*** Data in this exercise ***

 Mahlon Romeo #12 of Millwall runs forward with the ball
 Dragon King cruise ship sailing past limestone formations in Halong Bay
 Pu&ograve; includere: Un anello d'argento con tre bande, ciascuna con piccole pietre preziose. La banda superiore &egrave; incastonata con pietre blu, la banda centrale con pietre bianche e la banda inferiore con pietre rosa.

*** End of Data in this exercise ***
*** Data in this exercise ***

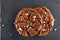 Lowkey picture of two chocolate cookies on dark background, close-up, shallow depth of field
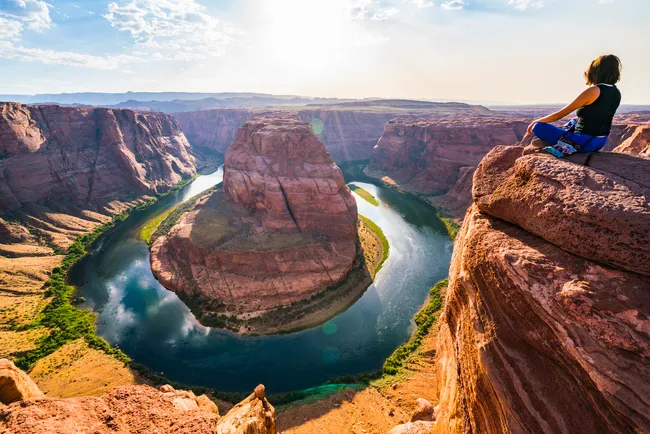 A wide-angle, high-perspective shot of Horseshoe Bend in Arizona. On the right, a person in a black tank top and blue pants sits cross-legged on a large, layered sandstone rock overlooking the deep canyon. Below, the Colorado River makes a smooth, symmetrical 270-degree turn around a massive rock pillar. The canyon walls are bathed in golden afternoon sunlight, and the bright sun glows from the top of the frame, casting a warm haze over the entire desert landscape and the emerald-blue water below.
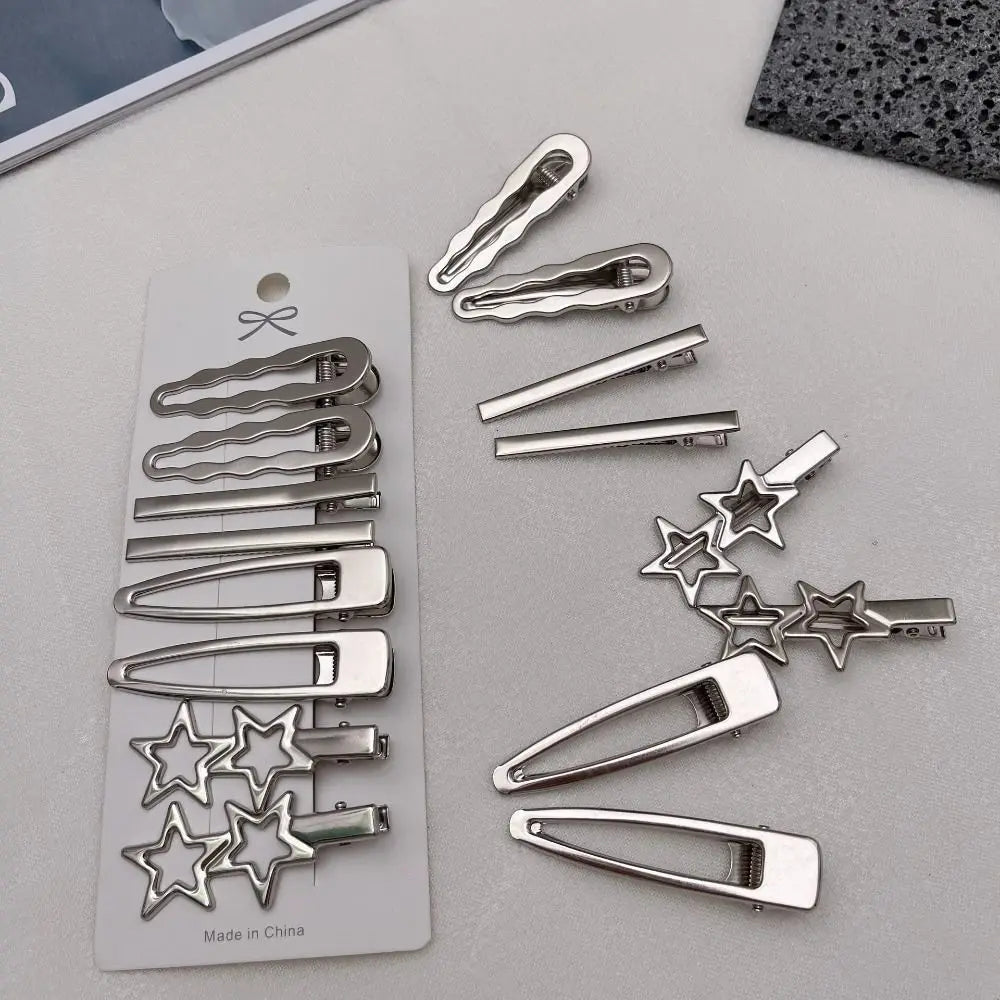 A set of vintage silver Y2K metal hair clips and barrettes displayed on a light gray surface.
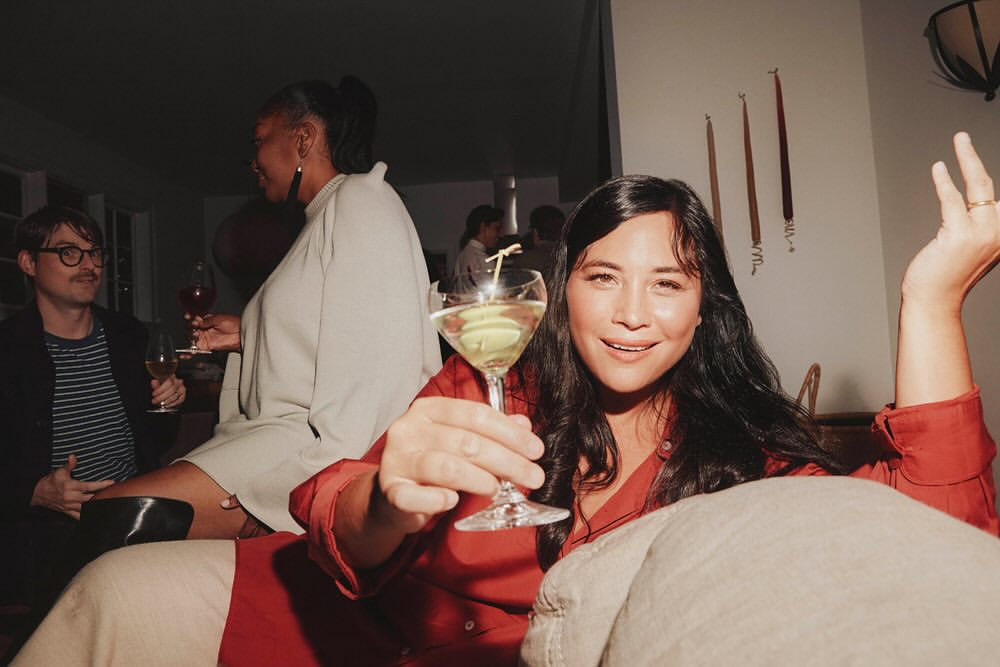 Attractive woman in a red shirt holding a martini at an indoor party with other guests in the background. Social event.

*** End of Data in this exercise ***

### Task directions
Exact copy, pictures excluded: every line above from the one containing "A set of vintage" to the one containing "Attractive woman in", inclusive, and nothing more.

### Exercise solution
 A set of vintage silver Y2K metal hair clips and barrettes displayed on a light gray surface.
 Attractive woman in a red shirt holding a martini at an indoor party with other guests in the background. Social event.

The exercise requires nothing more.